Kosher Pizza and Diner Brisket

Sephardic traditions reign at the splashy chain Rosa Mexicano, where you can inaugurate a Passover meal with haroset sprinkled with toasted pumpkin seeds. Photograph by Stacy Zarin-Goldberg

Considering all the rules associated with Passover, it’s harder than ever for modern families to observe this ancient ritual and eat well. Harder—but not impossible. This year, the offerings for the seven-day celebration of the Israelites’ exodus from Egypt—which lasts from sundown April 19 through April 26—are wider than ever.

With its emphasis on wine, it’s no surprise that Dino (3435 Connecticut Ave., NW; 202-686-2966) is planning a five-course BYOH—“bring your own Haggadah”—Passover menu plus a Seder plate and Italian wine pairings that banish all memory of Manischewitz. Note to the waitstaff, who last year committed the ultimate Passover faux pas: Leave the bread in the kitchen.

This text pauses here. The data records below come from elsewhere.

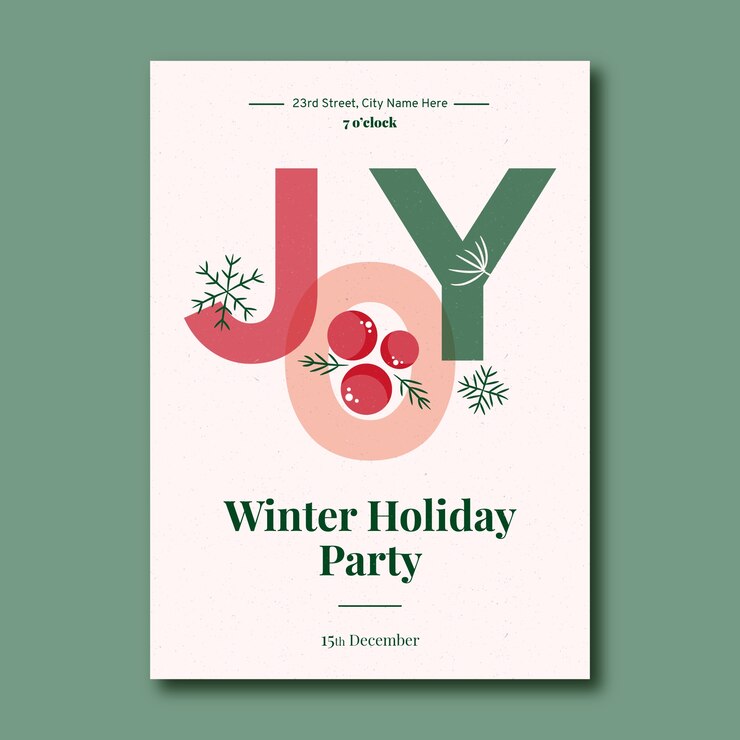 Free Vector | Winter party invitation template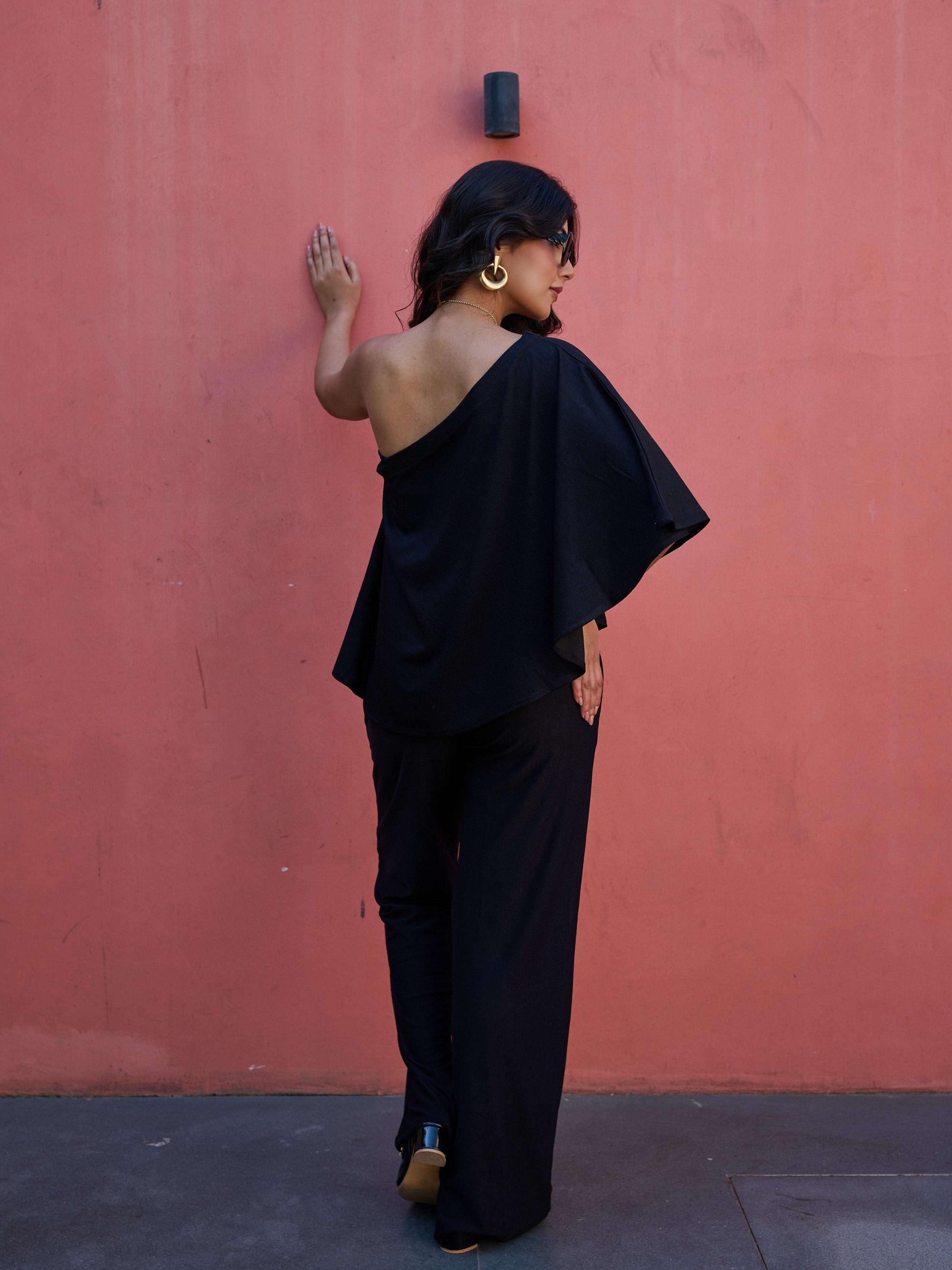 The Elite One-Shoulder Coord in Onyx Black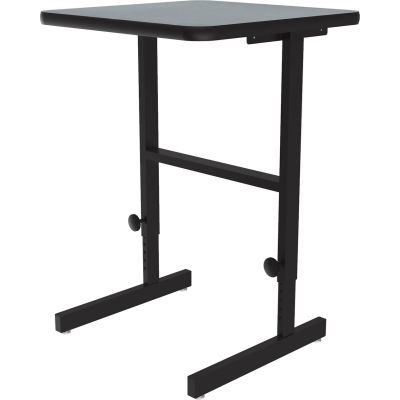 Correll Adjustable Standing Height Workstation - 24"L x 20"W x 34" to 42" - Gray Granite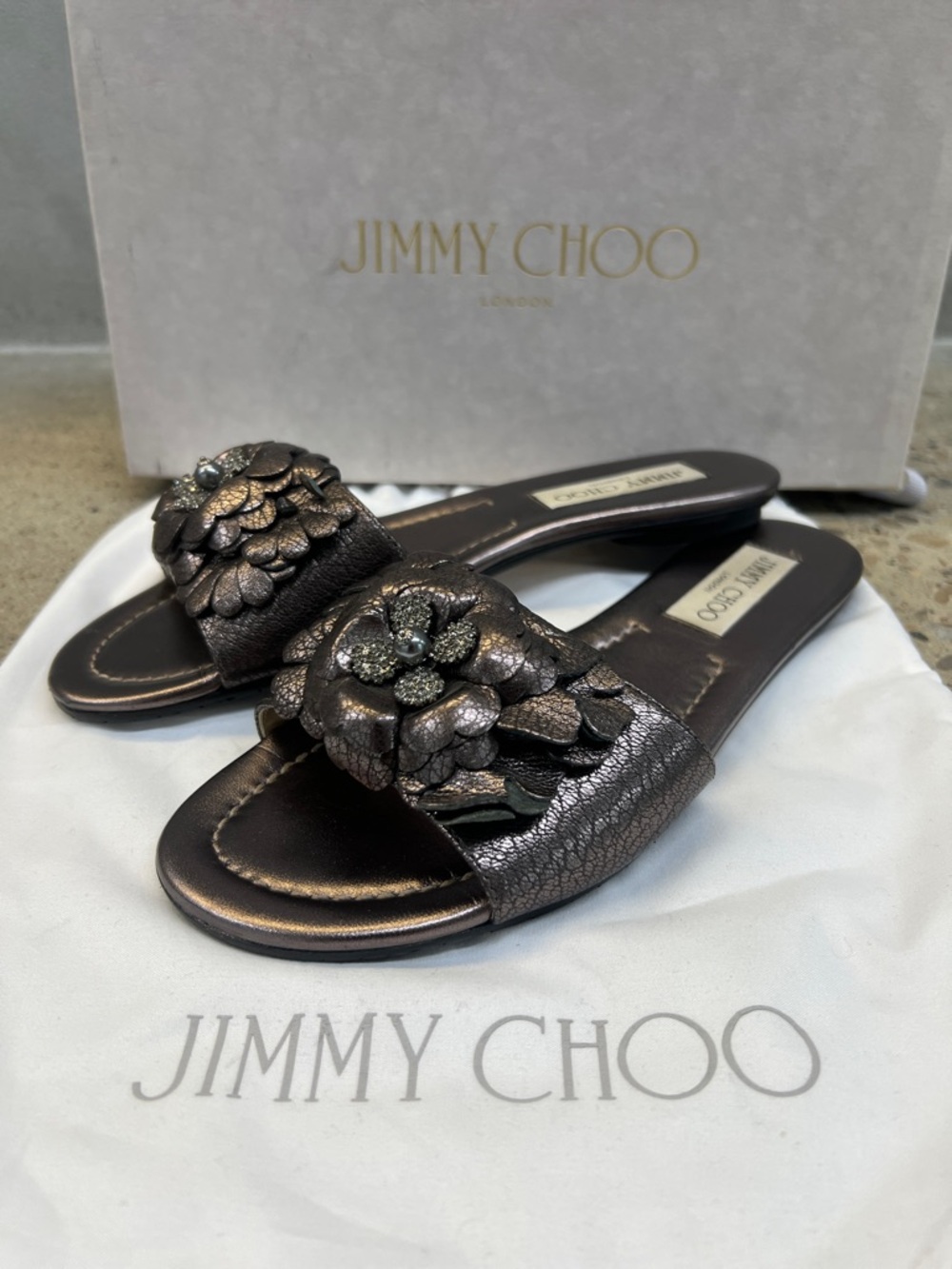 Jimmy Choo Metallic Bronze Floral Slide Mules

Up the street, owner Jeffrey Gildenhorn will host his family’s Seder at American City Diner (5532 Connecticut Ave., NW; 202-244-1949); you can reserve one of the private rooms for a brisket dinner with gefilte fish, chopped liver, and matzo-ball soup. The fried matzo brei—topped, diner style, with chopped onions—will be available throughout the week.

Alan Popovsky spent years sharing Passover traditions with fellow DC transplants at Felix Restaurant & Lounge in Adams Morgan. Felix has been sold, but Popovsky’s latest venture, Hudson Restaurant & Lounge (2030 M St., NW; 202-872-8700), finds him again providing matzo-stuffed roast chicken, wine-braised brisket, and free Haggadahs to Passover orphans on the first and second nights.

 

At Bebo Trattoria (2250-B Crystal Dr., Arlington; 703-412-5077), chef Roberto Donna will reprise his five-year-old tradition of cobbling together Passover-week meals from the kosher recipes of his Jewish-Italian customers. The highlight: a kosher pasta that uses matzo flour and is baked before it’s cooked.

Tragara (4935 Cordell Ave., Bethesda; 301-951-4935) might smack of a formal banquet hall, down to the chandeliers and tuxedoed waiters, but no area restaurant offers Passover diners a broader menu: a choice of seven appetizers, seven entrées, and six desserts for all eight nights.

Rosa Mexicano (575 Seventh St., NW; 202-783-5522), an upscale Margaritaville, transforms itself during Passover with an intriguing Sephardic meal (pomegranate-glazed lamb shank, tsimmes-stuffed relleno) that ropes in even nonobservant gastronomes.

Okay, so it’s not the original Tommy Marcos Ledo. But James Robertson’s Ledo Pizza locations in Bethesda (5245 River Rd., 301-656-5336; 10301 Westlake Dr., 301-469-6700) and Rockville (10058 Darnestown Rd.; 301-424-2700) offer a pizza for those who can’t do without for seven days and eight nights. Robertson says the pizzas sell like hotcakes, though the dough plays fast and loose with the concept of kosher—it’s made without yeast, but there’s still flour.

Don’t want to spend all day at the stove? Here are places you can pick up a rib-sticking Passover meal on the way home:

Koshermart, 4860 Boiling Brook Pkwy., Rockville; 301-468-0400.

Morty’s Restaurant & Delicatessen, 4620 Wisconsin Ave., NW; 202-686-1989.

Wagshal’s, 4855 Massachusetts Ave., NW; 202-363-5698.